You’ll notice I used a CASE statement to set directionality of the links, which is necessary for calculating sea travel as it allows us to integrate different wind strength by direction.  I’m also using a grid built at .1 degree intervals, so I know exactly how they join up, but I could use more interesting spatial queries to join existing points based on distance.

Once you have a mesh like this, you can identify points within it (or, in the case of actual Roman Sea Ports, points near it) to derive routes to and from.  Since, theoretically, a traveler could leave any port and travel to any other port, I need to know all the least shortest paths from each port to each port.  With 340 or so ports, that number is over 110,000 least cost paths, which on my machine using my 40,000 point sea mesh comes out to a 30+ hour query that looks like this:


SELECT
source, target, (SELECT SUM(cost) FROM
(SELECT mesh.cost FROM shortest_path('SELECT gid as id,
source::integer,
target::integer,
cost::double precision as cost
FROM mesh',
source, target, true, false) LEFT JOIN mesh ON mesh.gid = edge_id
) AS subquery
) AS total, (SELECT ST_Collect(the_geom) FROM
(SELECT * FROM shortest_path('SELECT gid as id,
source::integer,
target::integer,
cost::double precision as cost
FROM mesh',
source, target, true, false) LEFT JOIN mesh ON mesh.gid = edge_id
) AS subquery
) AS the_geom
FROM sitelist_tofrom

You’ll notice I call the shortest_path function twice, once to aggregate the cost of the discovered route and again to aggregate the geometry of that route. My sitelist_tofrom is simply a table of source-target pairs of the points within the mesh table that I want to know paths to and from. You can reduce this with some general trimming to remove ports that are X distance away as-the-crow-flies (the maximum distance sea route for our study is 800km, so eliminating ports that are more than 800km away from each other makes this a bit more manageable) but I’m sure there are better ways to index the data and utilize the routing code more deftly.

Sea routes that take less than 3 days of travel time during January, derived from the above code

Sea routes that take less than 3 days of travel time during January, derived from the above code

This is by no means the definitive pgRouting post and I’d like to make it clear, again, that I’m still a novice when it comes to using PostGIS. However, I think there may be folks out there who would like to experiment with routing and this may provide them with some inspiration to install PostGIS and pgRouting on their system and give it a try. It’s also meant to explain some of the methods we’re using to better understand travel in the Roman Empire, in case other scholars would like to move beyond traditional spatial analysis into geographic network analysis without getting involved with ArcGIS’s Network Analyst or building everything from scratch in a more general network analysis tool.

This entry was posted in Algorithmic Literacy, Spatial Humanities.

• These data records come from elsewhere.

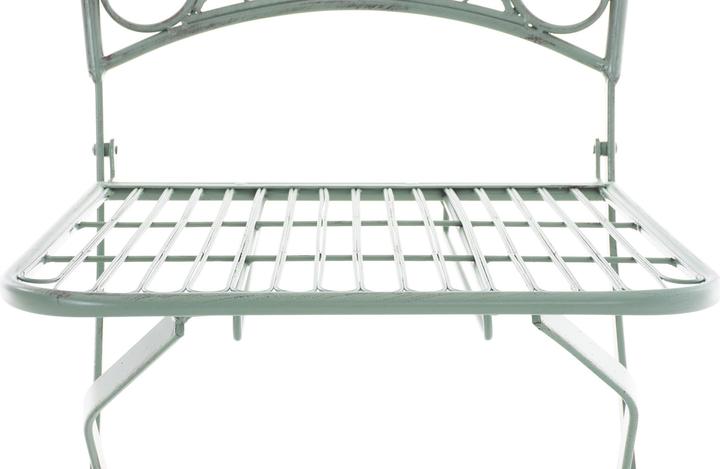 Produktbild CLP Adelar Eisen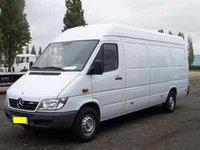 Dezmembrez Mercedes Sprinter 311 2007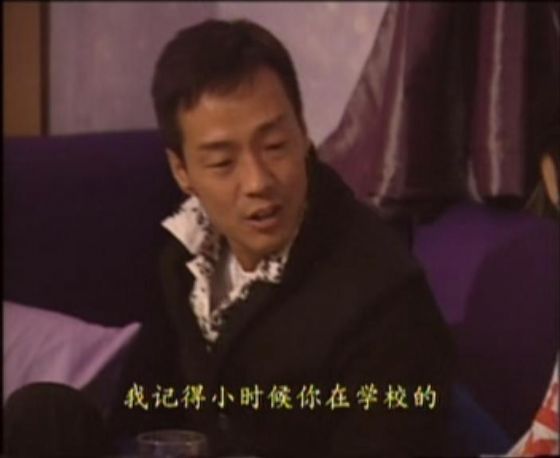 http://www.fjsenfa.cn/pics/default/download/5cc2fbc866b939f51ca7d297067d5b83.jpg
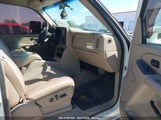 GMC SIERRA 2500HD SLT 1GTHK23U54F194583 снимка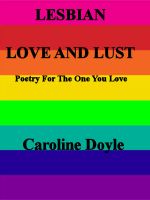 Cover for 'Lesbian Love and Lust'
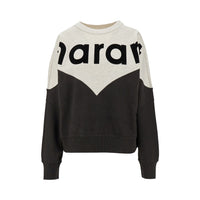 ISABEL MARANT ETOILE Isabel Marant Etoile Women 'Houston' Sweatshirt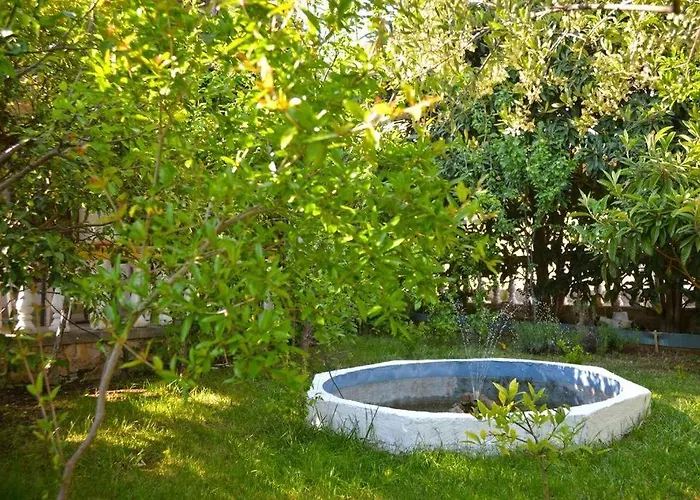 With Parking Space - 4180 *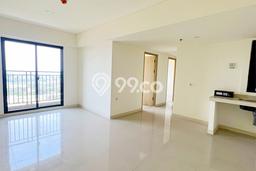 Untuk Dijual Apartemen Strategis di Lippo Cikarang Cikarang 3 Kamar Tidur Untuk Dijual Apartemen Strategis di Lippo Cikarang Cikarang 3 Kamar Tidur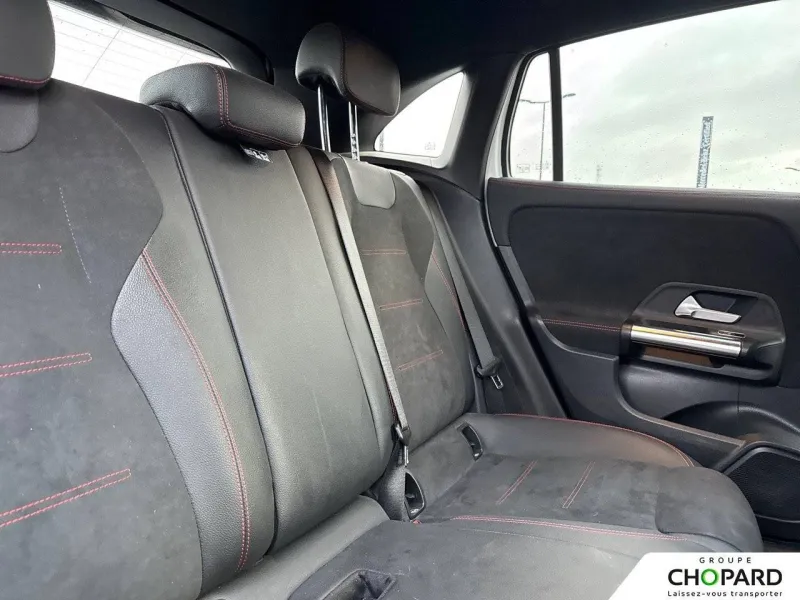 Image secondaire du véhicule 21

Bookmark the permalink.

2 Responses to Geographic Networks: Getting Started with pgRouting in PostGIS

  1. Steve says:

    In the last picture (labeled “Sea routes that take less than 3 days of travel time during January, derived from the above code”), I was trying to figure out how you created the polylines from the mesh of points. The polylines respect land boundaries and apparently have some heuristics for avoiding coastlines, but I don’t see in your query how you’re achieving that…or I don’t understand!

    Can you please shed some light on that portion?
    Thanks for the post!

    • Elijah Meeks says:

      Hi Steve,

      When I created the mesh for the sea routes, I intersected it with an ocean polygon from Natural Earth, so that it only had points that were in the ocean. The cost for travel between those points is determined based on a model driven by wind patterns for different times of the year, causing the non-straight pathfinding.

      So, make a grid, run an intersect of that grid with a sea polygon, and then go to town on the remaining points. Or you could do it all on the fly in PostGIS to simulate barriers.

      Hope that clears things up a bit.
      Elijah